数学ができる子の育て方?3

ところで、長時間数学の勉強をする子はどうしてそんなことをするのだろうか。
私の知っている範囲で一番多いのは、「勉強しなければいけない」という状況になると、
とりあえず数学の勉強をしちゃうタイプである。
「社会の勉強?やだな。あ、数学やろう」とか。(ま、私のことです。)
ただ、なんにしても、彼らの多くは、歯を食いしばって数学の勉強しているのではないと思う。
 
世の中には、私の想像を超えた人がたくさんいる。それはわかっている。
が、私が知る限りの最大公約数的な答は、「次のどれか」(複数選択可)だと思う。
 
 1 数学がわかると楽しい。
 2 問題が解けるとうれしい。
 3 人に説明できるとうれしい。
 4 テストで良い点を取ると気分がいい。
 
「数学ができる」というウワサがたつと、友達に聞かれるようになる。
そこで説明するのは、「歌手の○○、今度結婚するんだぜ」と誰より先に言うのと同じ感触だと思う。
それが3である。
 
上の方の理由は高尚、下にいくにつれレベルの低い話になる・・・。
と言う人もいると思うが、ごめんなさい、そういう「きれい事」が実際の教育を(そして、生徒の可能性を)、
縮こまらせているのではないだろうか。
 
これらの喜びを知っていると、長時間でも数学の勉強をしたくなってしまう、あるいは、
長時間の勉強に耐えられるようになるのである。
 
で、これで解決かというと、こっからが出発だろう。
この喜びを理屈ではなく、実体験として知らない(普通の)人は、数学を長時間勉強することは
難しい(あるいは、できない)のではないかと思う。
もちろん、「数学」を別の科目に置き換えても同じだと思うが、数学こそ、これを体験することが難しい。
 
そこで古来よりいろいろな方法が取られた。
たとえば、「数学の内容」を下げる。つまり、やさしいことしか学ばせない。
ゆとり教育である。
しかし、「理解できるように内容を減らしたもの」は理解できても、喜びなんかないのである。
 
あるいは、「問題の解き方」を徹底的に分解して丁寧に教える。
優秀な先生にしかできないが、逆に優秀な先生はやり勝ちである。私もできる。
しかし、バラバラに解体された数学の問題を見せられても、何をやってるのかわからなくなったり、
わかったところで、楽しくなかったりする。

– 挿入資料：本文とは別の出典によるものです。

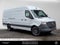 2026 Mercedes-Benz Sprinter Cargo 3500XD High Roof I4 Diesel HO 170 Extended RWD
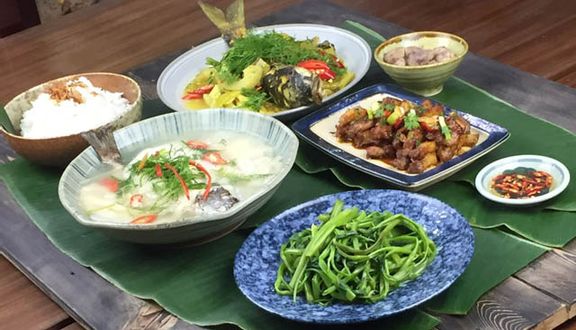 Hỉ Villa Restaurant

もちろん、感動もない(少ない)だろう。
それでは、「問題が解けた喜び」はわからないだろうし、それ故、モチベーションにもならない。
 
「人に説明するとうれしい」を人為的に行おうというのがアクティブラーニングだろう。
もちろん、本当に数学ができているわけではないので、喜びはないと思う。
 
ゆとり教育では、テストで良い点を取らすために、問題をやさしくした。
期末テストでクラスの半数が100点などということもあったらしい。
(まあ、教える内容を下げればテストもそうなるのだろう。)
そんなテストで100点取ってうれしいですか?
 
もちろん、3と4は、他人との競争を意味している。
競争に勝つ人がいるなら、負ける人も必ずいる。
すると、この原理を用いる限り、絶対に、楽しくなれない人がいるということになる。
この点は、よく考えなければいけないが、事実だと思う。
しかし、だからと言って、競争をやめさせてよいとも思えない。
 
「競争は嫌だな」と思うと、1と2に集中することになる。
(これもゆとり教育の方針だったか?)
しかし、多くの人間が成長するのは、競争を通じてだと思う。
最近人気の将棋のF君に、「競争なんて、つまらないからやめなさい」という人はいないだろう。
(最近の若い競技者の特徴に「幼少時、負けると本気で悔し泣きをした」があるように思う。
 数学は競技ではないのかもしれない(そうかもしれない)が、競争がなければ難しいと思う。)
 
いずれにしても、大概の方法はうまくいかないのだ。